2 NUREG/CR-4772, Accident Sequence Evaluation Program (ASEP) Human Reliability Analysis Procedure, Sandia National Laboratories, 1987.
o The NRC staff asked about the comprehensive list of postulated initiating events for the ARC-100 design, as well as the methodologies used to identify and select them.
Between the ARCs fourth and fifth presentations, the NRC closed the meeting to the public due to the discussion of export controlled and proprietary information.
ARCs fifth presentation was entitled Fuel Qualification Update (ML25132A303). The following bullets describe the main points of discussion during this presentation:
The NRC staff asked about how scenarios in fuel performance modeling and simulation activities are generated for uncertainty and sensitivity studies.
The NRC staff asked for clarification on the premise of the topical report, e.g., fuel qualification, methodology, informative, etc. ARC stated the resulting report may be limited on scope.
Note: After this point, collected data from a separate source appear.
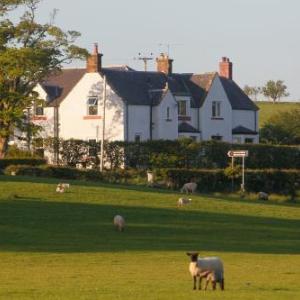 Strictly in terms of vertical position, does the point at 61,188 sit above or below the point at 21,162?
below

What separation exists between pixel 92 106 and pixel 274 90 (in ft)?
320

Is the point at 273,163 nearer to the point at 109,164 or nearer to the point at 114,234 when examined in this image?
the point at 109,164

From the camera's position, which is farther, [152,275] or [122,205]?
[122,205]

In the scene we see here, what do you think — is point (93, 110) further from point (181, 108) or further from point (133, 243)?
point (133, 243)

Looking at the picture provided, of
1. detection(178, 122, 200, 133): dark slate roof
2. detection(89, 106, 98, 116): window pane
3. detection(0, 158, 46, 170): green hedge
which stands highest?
detection(89, 106, 98, 116): window pane

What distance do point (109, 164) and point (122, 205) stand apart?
2967 centimetres

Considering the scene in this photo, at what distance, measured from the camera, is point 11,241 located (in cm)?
4484

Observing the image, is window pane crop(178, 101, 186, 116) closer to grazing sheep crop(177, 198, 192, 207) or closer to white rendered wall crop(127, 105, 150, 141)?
white rendered wall crop(127, 105, 150, 141)

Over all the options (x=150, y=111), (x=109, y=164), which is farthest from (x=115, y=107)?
(x=109, y=164)

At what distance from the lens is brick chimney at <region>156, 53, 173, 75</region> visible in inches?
4267

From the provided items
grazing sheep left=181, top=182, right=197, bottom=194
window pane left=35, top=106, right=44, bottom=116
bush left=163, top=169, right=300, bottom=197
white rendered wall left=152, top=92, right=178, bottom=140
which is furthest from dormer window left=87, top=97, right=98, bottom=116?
grazing sheep left=181, top=182, right=197, bottom=194

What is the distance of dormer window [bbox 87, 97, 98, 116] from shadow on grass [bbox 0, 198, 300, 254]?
4199 centimetres

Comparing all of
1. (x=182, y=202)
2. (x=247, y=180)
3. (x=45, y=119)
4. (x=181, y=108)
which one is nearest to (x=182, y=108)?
(x=181, y=108)

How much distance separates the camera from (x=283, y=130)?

ARC responded that the primary means of qualification will be to reexamine the available data from EBR-II and Fast Flux Test Facility database, perform additional sensitivity studies using modeling and simulation tools, and reassess the uncertainties to demonstrate fuel performance. No additional in-reactor demonstration tests are planned.
In response to ARC's proposed use of modeling and simulation tools as their primary means for the demonstration of the fuel system, the NRC staff provided the clarification that BISON is not an NRC-approved code, particularly for mechanistic extrapolation. The NRC staff further clarified that although BISON has been validated for light-water reactor fuel, its history with metallic fuel is relatively brief. The code has not been submitted to the NRC staff for a review and approval, so its use to support licensing actions would involve additional evaluation efforts.
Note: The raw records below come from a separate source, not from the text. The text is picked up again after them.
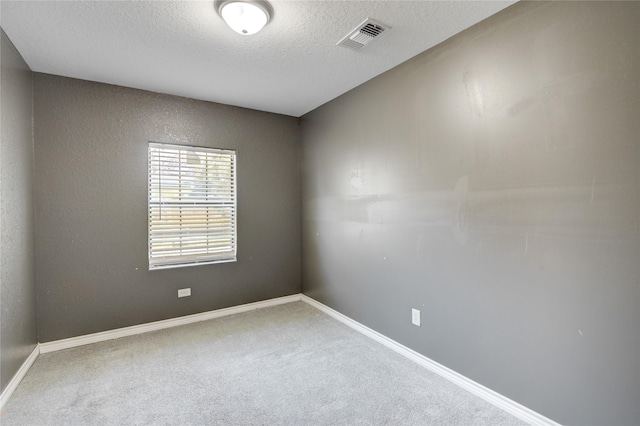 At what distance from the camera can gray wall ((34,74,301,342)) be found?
283 cm

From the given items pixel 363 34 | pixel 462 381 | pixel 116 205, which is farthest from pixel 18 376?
pixel 363 34

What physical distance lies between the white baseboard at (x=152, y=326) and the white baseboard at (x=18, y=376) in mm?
154

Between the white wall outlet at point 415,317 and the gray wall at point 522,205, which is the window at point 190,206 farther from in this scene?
the white wall outlet at point 415,317

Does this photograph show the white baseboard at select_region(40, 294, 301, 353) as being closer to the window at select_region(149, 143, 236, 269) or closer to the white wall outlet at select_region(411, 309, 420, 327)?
the window at select_region(149, 143, 236, 269)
The NRC staff also emphasized that ARC is using the code on a design that has significant changes to geometry and operational parameters. To date, the code has not been demonstrated to the NRC that its scalability is feasible or accurate. The NRC staff stated that scaling can be done a variety of ways that may or may not rely on 1:1 fuel testing. The NRC staff stated that Regulatory Guide 1.203, Transient and Accident Analysis Methods, (ML053500170) is an example process that may aid in this effort.
The NRC staff further clarified that the concerns are not isolated to a specific variable, such as time-at-elevated-temperature or fuel elongation. The NRC staff stated the example that fuel geometry may cascade through other phenomena such as constituent redistribution. The NRC staff stated that it is not necessarily an issue with the design, rather that these sensitivities must be explored, justified, and addressed in future submittals.
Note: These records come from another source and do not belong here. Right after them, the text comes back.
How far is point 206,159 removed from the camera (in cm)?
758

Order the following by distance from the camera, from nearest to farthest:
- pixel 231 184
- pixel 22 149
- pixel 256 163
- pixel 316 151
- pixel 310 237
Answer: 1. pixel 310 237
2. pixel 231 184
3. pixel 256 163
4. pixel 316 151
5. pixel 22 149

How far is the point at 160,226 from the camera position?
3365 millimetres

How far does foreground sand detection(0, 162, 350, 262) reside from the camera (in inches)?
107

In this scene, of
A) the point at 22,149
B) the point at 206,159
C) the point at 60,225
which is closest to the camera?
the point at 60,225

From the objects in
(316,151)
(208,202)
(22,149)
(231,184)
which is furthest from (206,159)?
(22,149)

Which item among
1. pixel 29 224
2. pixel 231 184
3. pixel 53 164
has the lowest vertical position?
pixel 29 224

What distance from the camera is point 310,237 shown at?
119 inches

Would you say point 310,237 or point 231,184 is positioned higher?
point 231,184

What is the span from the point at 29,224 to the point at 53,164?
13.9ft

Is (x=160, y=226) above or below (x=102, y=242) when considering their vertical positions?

The NRC staff clarified that the time to extract a surveillance pin is difficult as the potential mechanical fuel failure mechanism occurs in the first 5% of posed irradiation timeline. The NRC staff stated that should ARC seek to license under a surveillance program, the premise would be investigated by the NRC staff for potential fuel failure modes, such as fuel-cladding mechanical interaction, and the likelihood of surveillance to be able to capture the performance in a core-leading manner.
ARC stated that its fuel qualification topical report would be submitted to the NRC approximately during calendar year 2026, which depends on the contract from U.S.
Department of Energy getting extended.
NRC staff encouraged ARC to engage more frequently with the NRC and consider submitting additional reports before the final licensing application. The NRC staff noted several preliminary topics yet to be received.
The meeting on May 22, 2025, was adjourned at 3:02 PM eastern time.